[Requirement]
Return the data exactly, with all pictures removed.

[Given material]
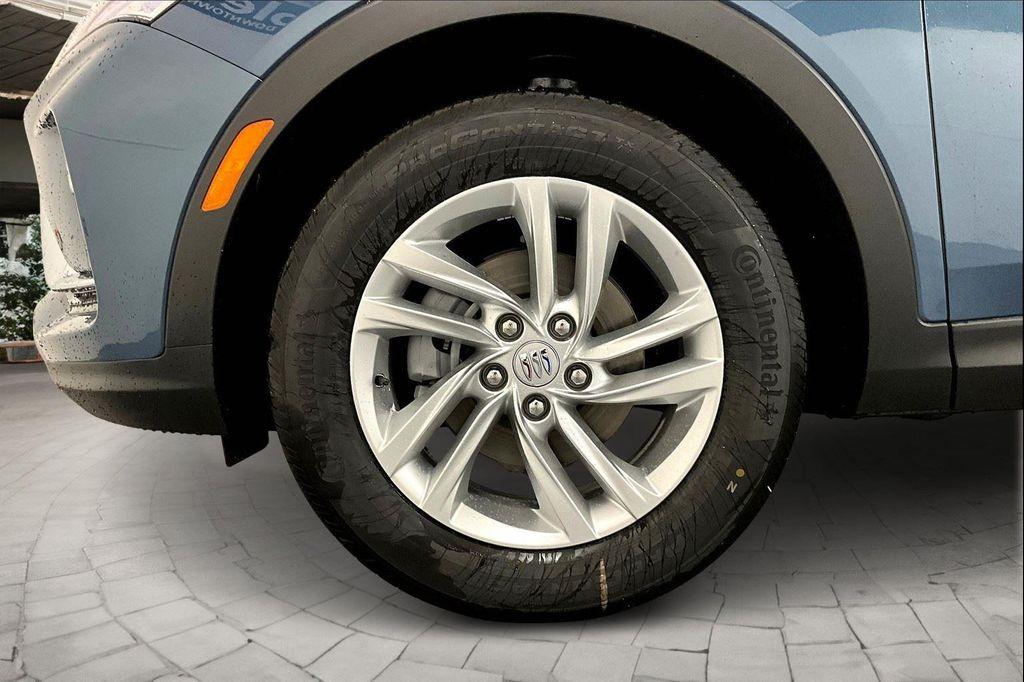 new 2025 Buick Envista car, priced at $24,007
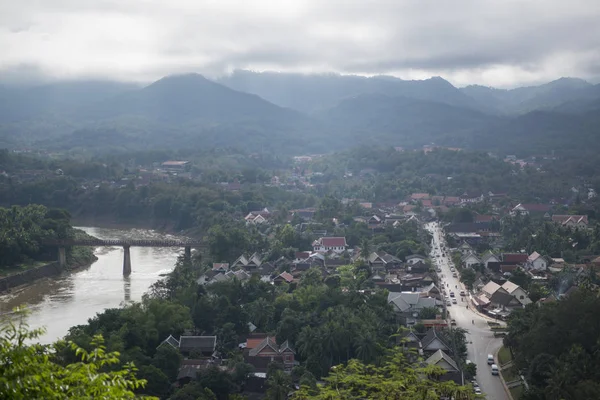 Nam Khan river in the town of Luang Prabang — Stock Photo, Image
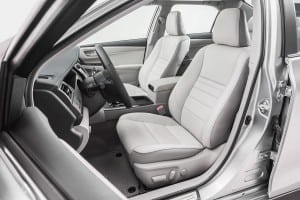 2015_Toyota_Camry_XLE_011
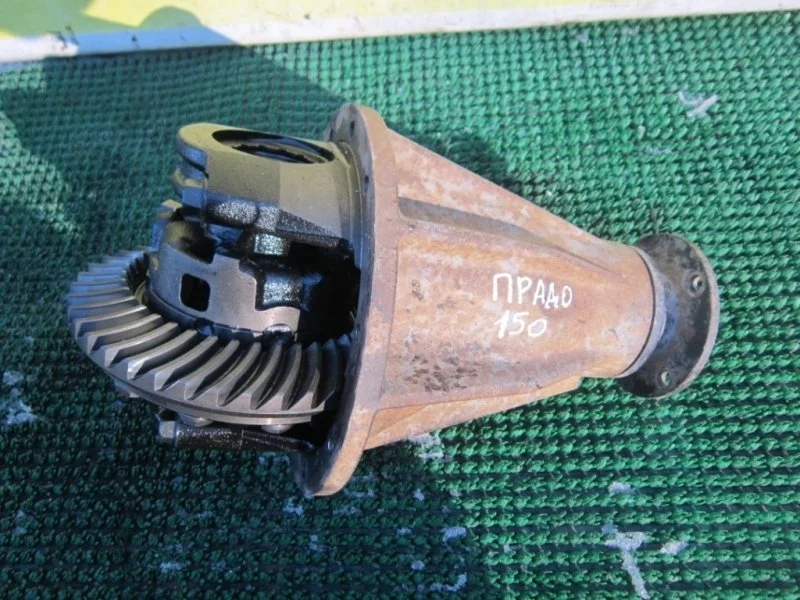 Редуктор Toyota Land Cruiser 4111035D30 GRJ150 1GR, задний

[Response area]
 new 2025 Buick Envista car, priced at $24,007
 Nam Khan river in the town of Luang Prabang — Stock Photo, Image
 2015_Toyota_Camry_XLE_011
 Редуктор Toyota Land Cruiser 4111035D30 GRJ150 1GR, задний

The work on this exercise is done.